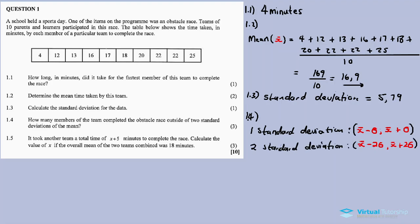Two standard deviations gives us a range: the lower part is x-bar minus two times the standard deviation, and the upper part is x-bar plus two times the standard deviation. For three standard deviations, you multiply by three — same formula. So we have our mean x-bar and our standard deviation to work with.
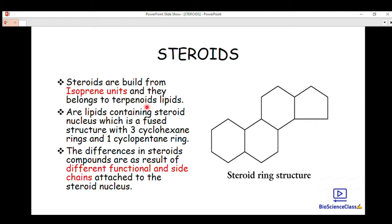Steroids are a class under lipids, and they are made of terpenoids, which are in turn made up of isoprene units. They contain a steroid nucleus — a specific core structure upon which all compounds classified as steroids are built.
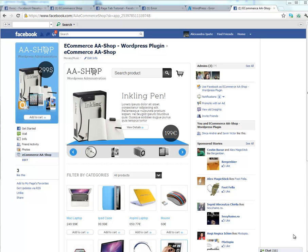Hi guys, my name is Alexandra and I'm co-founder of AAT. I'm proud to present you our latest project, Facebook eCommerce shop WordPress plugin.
...
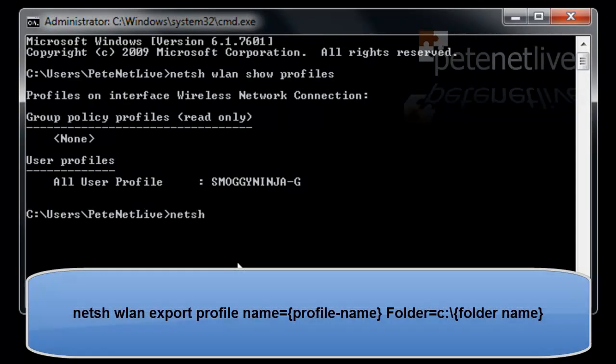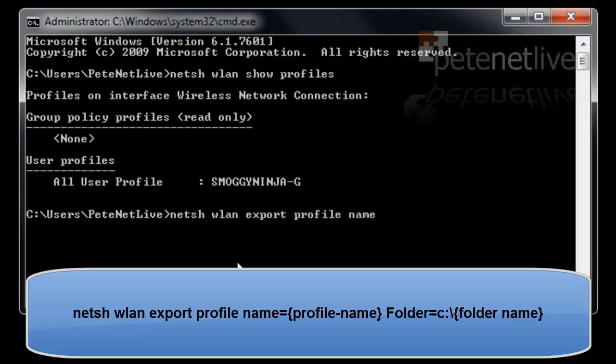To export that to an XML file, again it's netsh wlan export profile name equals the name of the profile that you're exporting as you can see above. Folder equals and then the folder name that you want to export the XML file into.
==
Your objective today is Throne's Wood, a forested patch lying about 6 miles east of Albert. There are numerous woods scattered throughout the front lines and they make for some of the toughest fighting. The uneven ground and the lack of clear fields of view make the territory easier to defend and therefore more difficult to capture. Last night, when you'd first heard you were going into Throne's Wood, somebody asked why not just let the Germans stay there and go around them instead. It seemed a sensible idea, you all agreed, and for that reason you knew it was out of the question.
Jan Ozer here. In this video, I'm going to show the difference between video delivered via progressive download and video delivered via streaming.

• _Exercise_
Referring to the material above, set down exactly the lines between the line with "Your objective today" and the line with "Jan Ozer here.", inclusive, and no other lines.

• _Problem solution_
Your objective today is Throne's Wood, a forested patch lying about 6 miles east of Albert. There are numerous woods scattered throughout the front lines and they make for some of the toughest fighting. The uneven ground and the lack of clear fields of view make the territory easier to defend and therefore more difficult to capture. Last night, when you'd first heard you were going into Throne's Wood, somebody asked why not just let the Germans stay there and go around them instead. It seemed a sensible idea, you all agreed, and for that reason you knew it was out of the question.
Jan Ozer here. In this video, I'm going to show the difference between video delivered via progressive download and video delivered via streaming.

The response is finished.